In a study just published by the prestigious journal Demography, Anika Schenck-Fontaine (Leibniz Institute for Educational Trajectories) and Lidia Panico (Institut National d’Études Démographiques) looked at multiple economic hardship combinations and how they are associated with children’s behavior problems between ages 3 and 7. The study is based on longitudinal data from over 17,000 children followed by the Millennium Cohort Study (UK) and explores seven distinct experiences of economic hardship based on the possible combinations of income poverty, material deprivation, and subjective financial stress.

The authors argue that these three dimensions may overlap and occur together, but they are distinct and can be experienced independently of one another: While income poverty refers to low levels of financial resources available to a family, material deprivation captures the lived experience of economic hardship and refers to inadequate material conditions. In turn, subjective financial stress is the psychological dimension and refers to the subjective evaluation of economic circumstances. For example, a family may be low-income but neither financially stressed nor materially deprived.

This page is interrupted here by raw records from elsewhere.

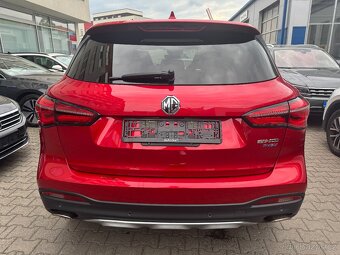 MG EHS PHEV Luxury 1.5 190kW AUT. 75tkm Panorama Kam 360° - 5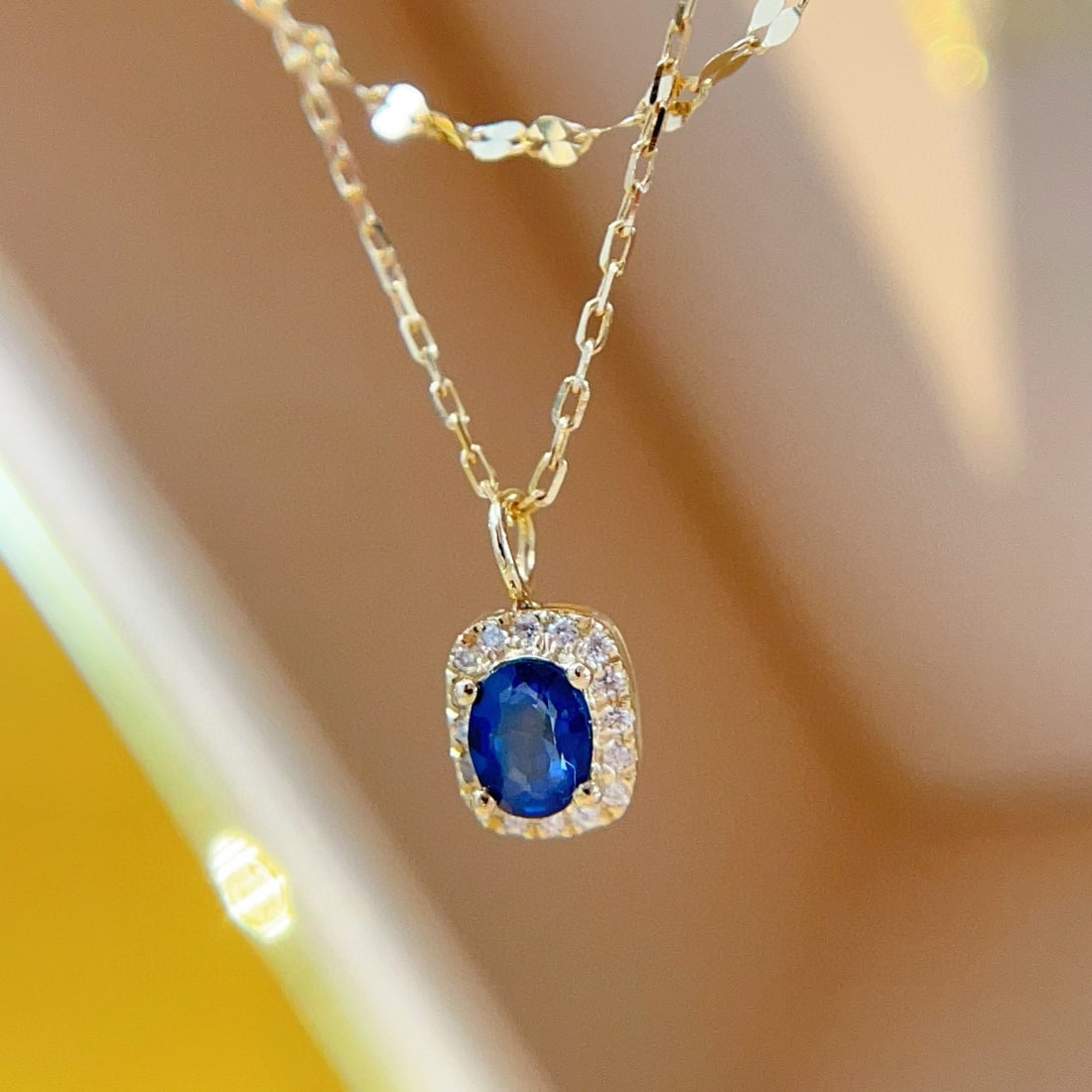 14k Gold 0.35 Ctw Natural Sapphire & Diamond Necklace: Ref:231074278 // gold content:14k gold // main gemstone:sapphire // shape:oval // carat weight:0. 3ct // color:blue // treatment:natural // // adjacent gemstone 2 : diamond // shape:round // carat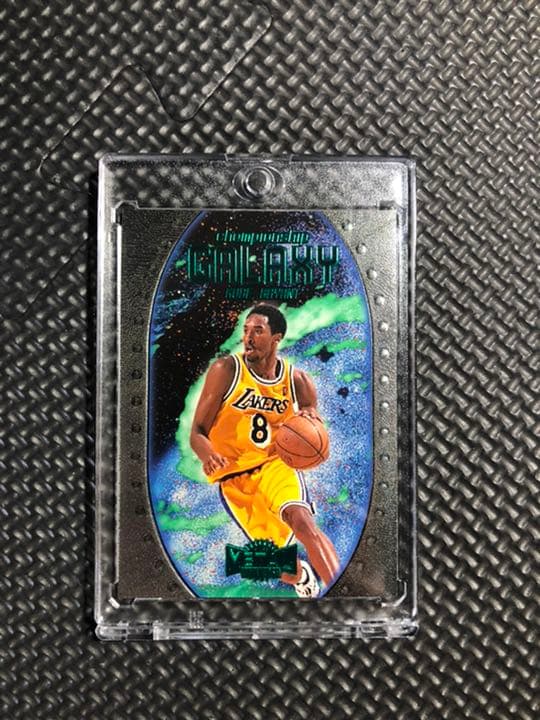 Kobe Brand. L UNIVERSE.GALAXY❣️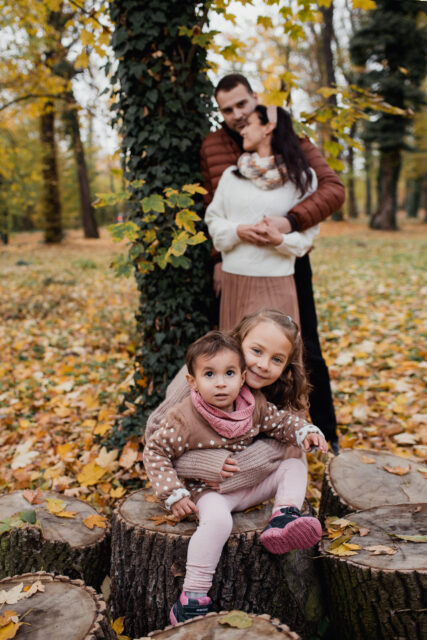 podzimní rodinná fotografie dětí a rodičů v Praze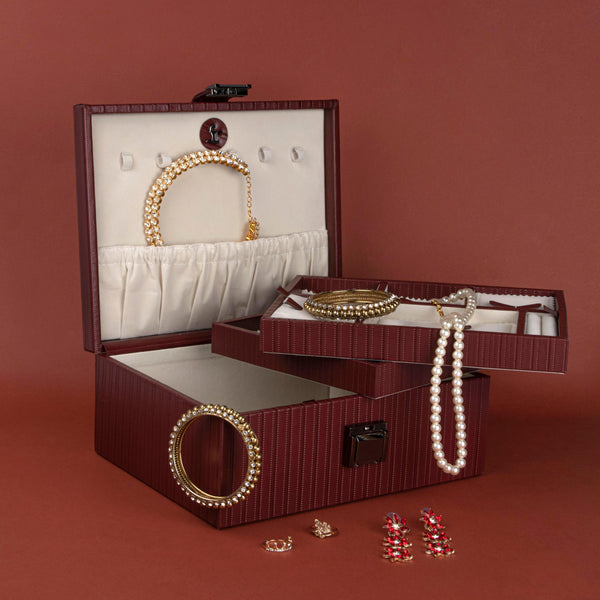 Premium leather jewellery box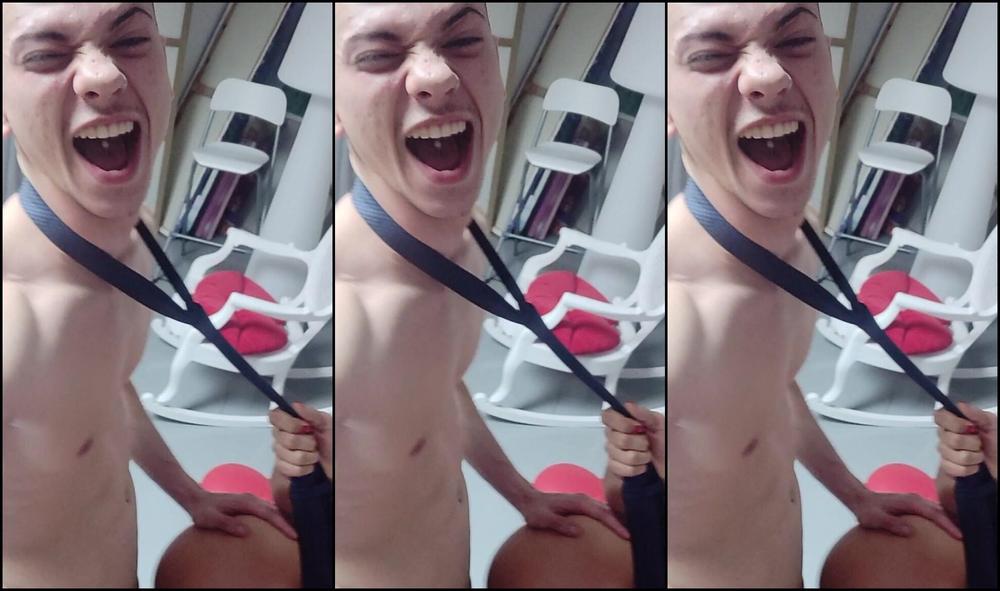 Juliarocax Aprovechando Cualquier Momento Para Hacer El Perro Con Tommy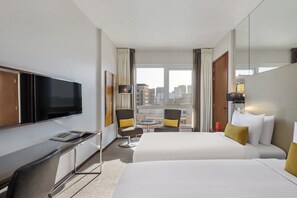 Centro Room-Twin Bed | 1 Schlafzimmer, hochwertige Bettwaren, Daunenbettdecken, Minibar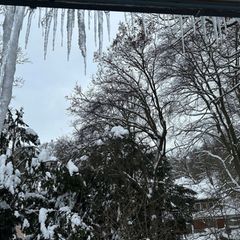 Diese gefrorenen Zapfen können für Passanten eine große Gefahr darstellen. Foto: Katharina Heinemann/dpa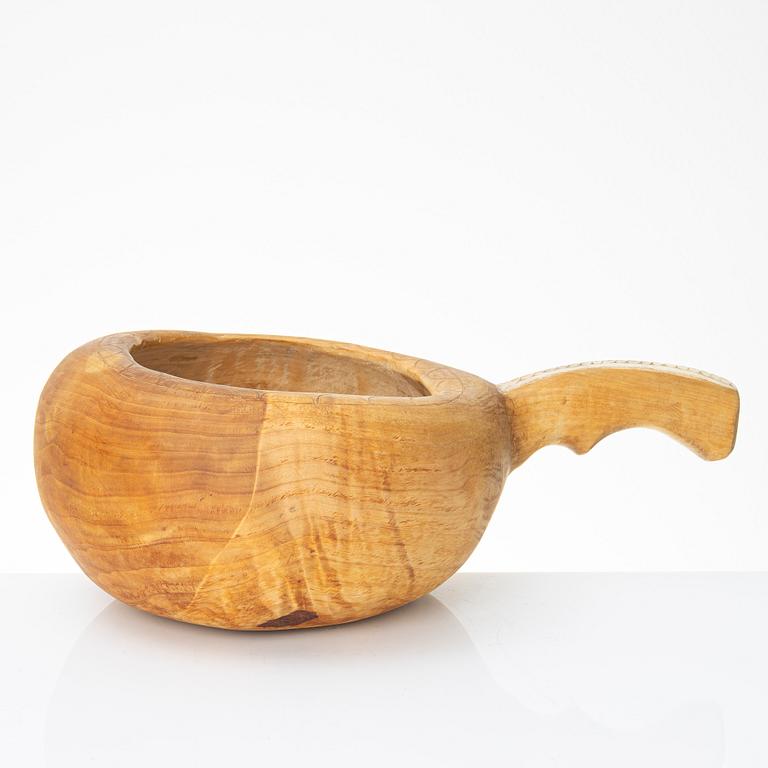 Napphi, with unidentified signature: HM.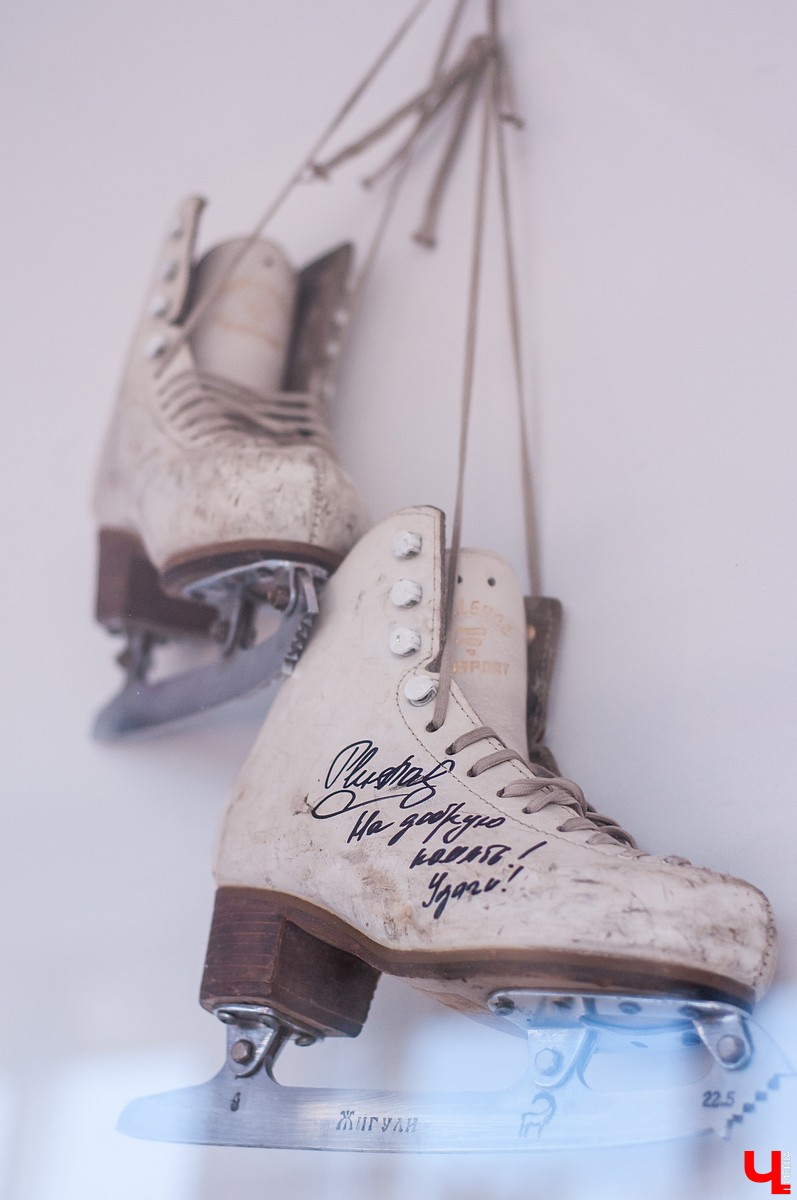 25 августа в городе открылся новый ледовый комплекс “Владимир”. На его открытие приехали известный советский хоккеист Александр Якушев и не менее известный художник Никас Сафронов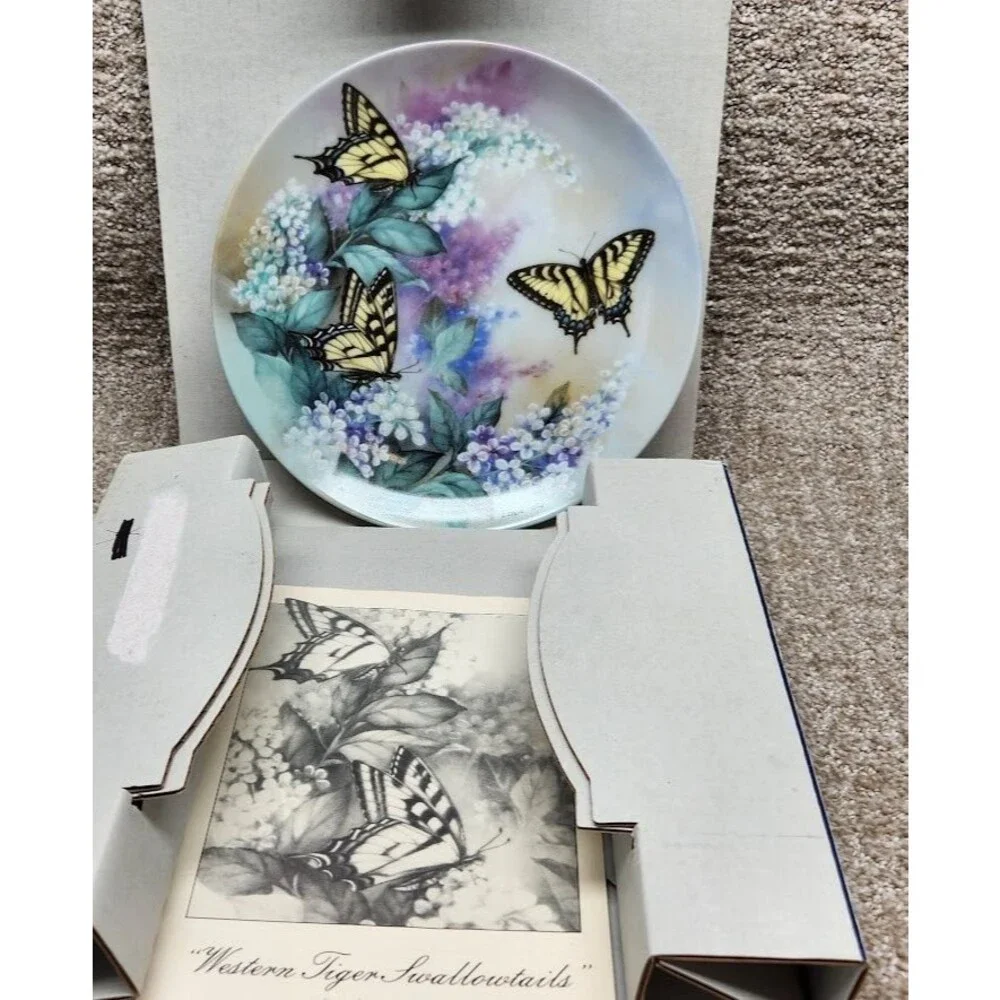 The Bradford Exchange lena lui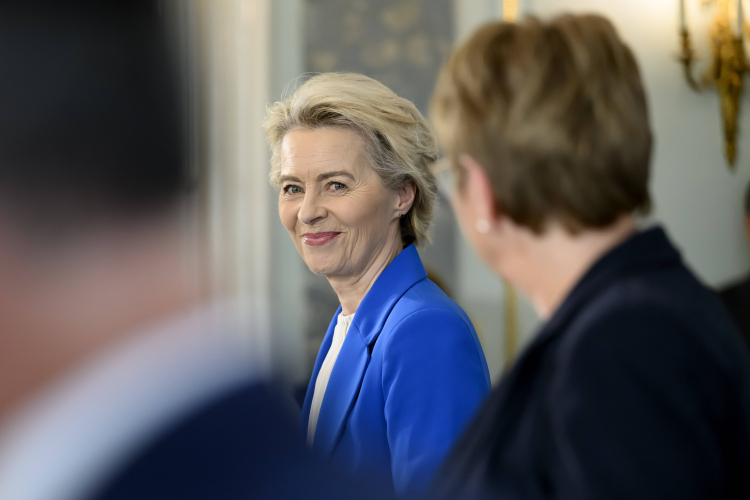 Szefowa KE Ursula von der Leyen. Fot. PAP/EPA/Anthony Anex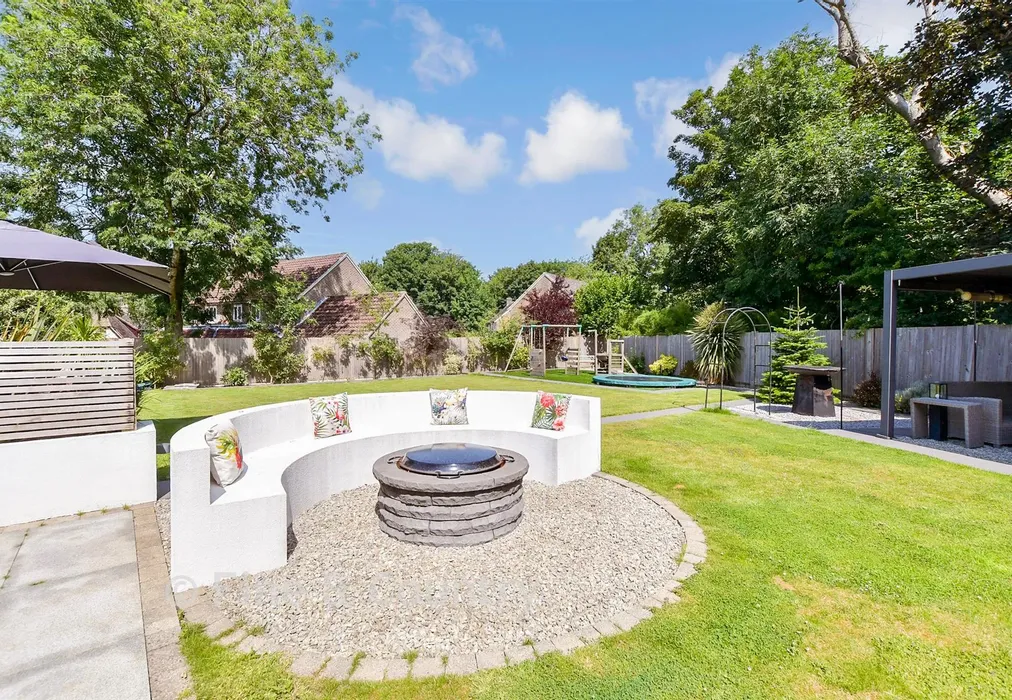 External Lifestyle Photograph - Windmill Close, Hawkinge, Kent - Wards of Kent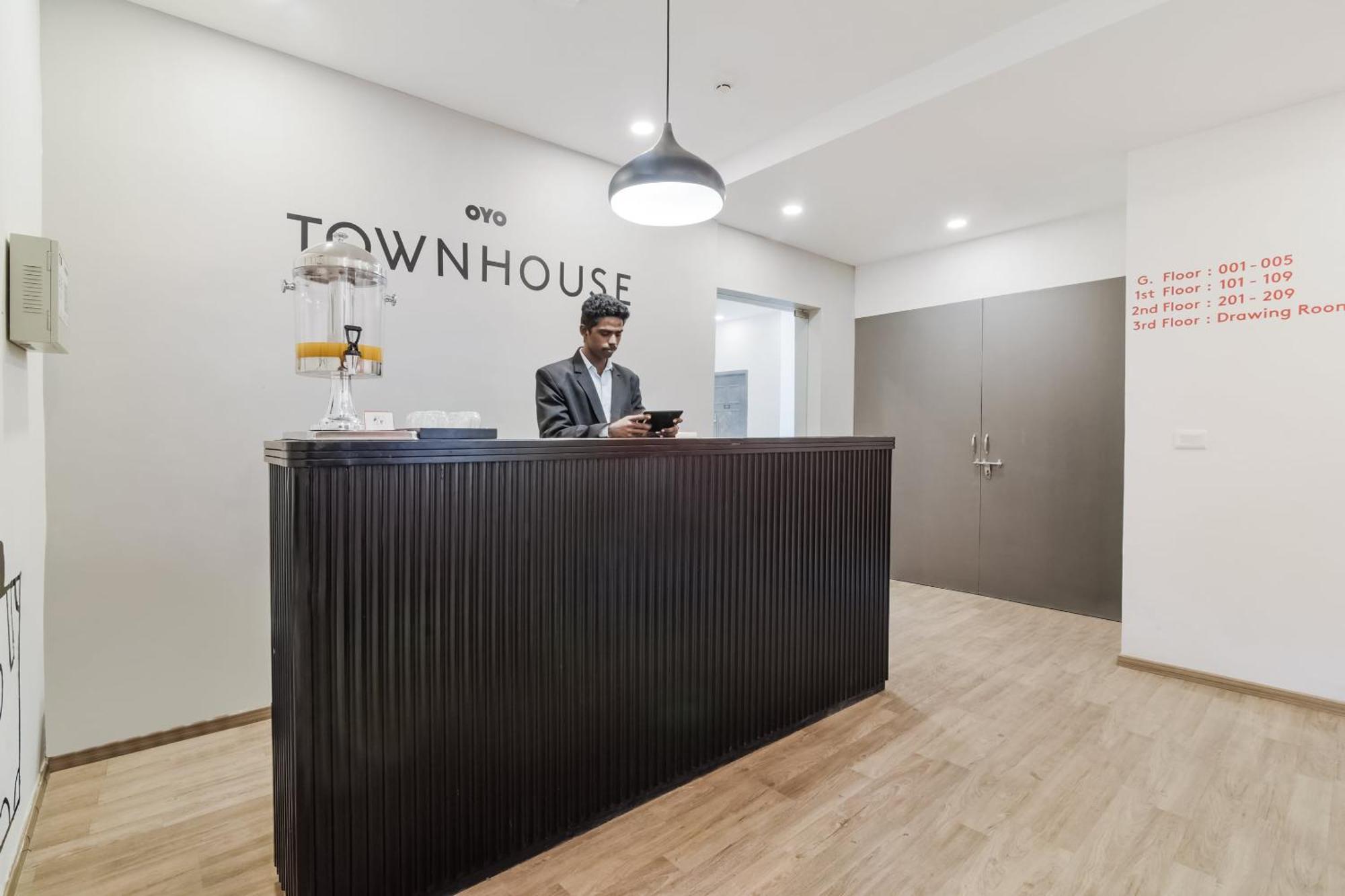 Super Townhouse Xotel Chennai Ngoại thất bức ảnh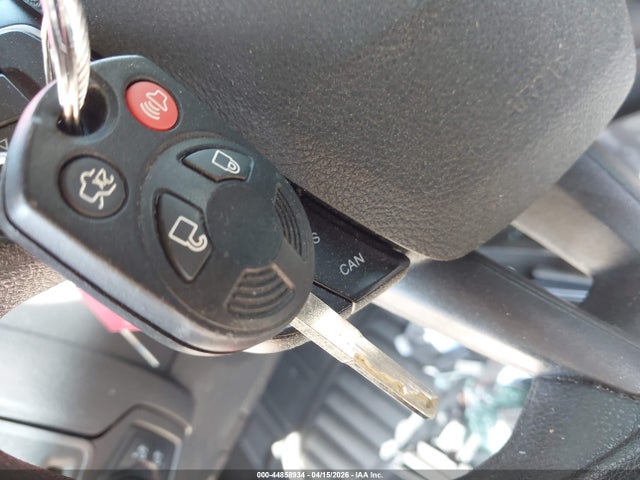 1FADP3K21GL235485 Ford FOCUS SE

Their results show that the different dimensions of economic hardship are indeed independently linked to child outcomes, and that all economic hardship combinations, including those without income poverty, are associated with higher levels of children’s behavior problems. The combination of material deprivation with subjective financial stress and the combination of all three dimensions of economic hardship were associated with the highest levels of behavior problems. The authors suggest that future research on the effects of economic hardship on children should consider the multidimensional nature of economic stressors for families, and not only income.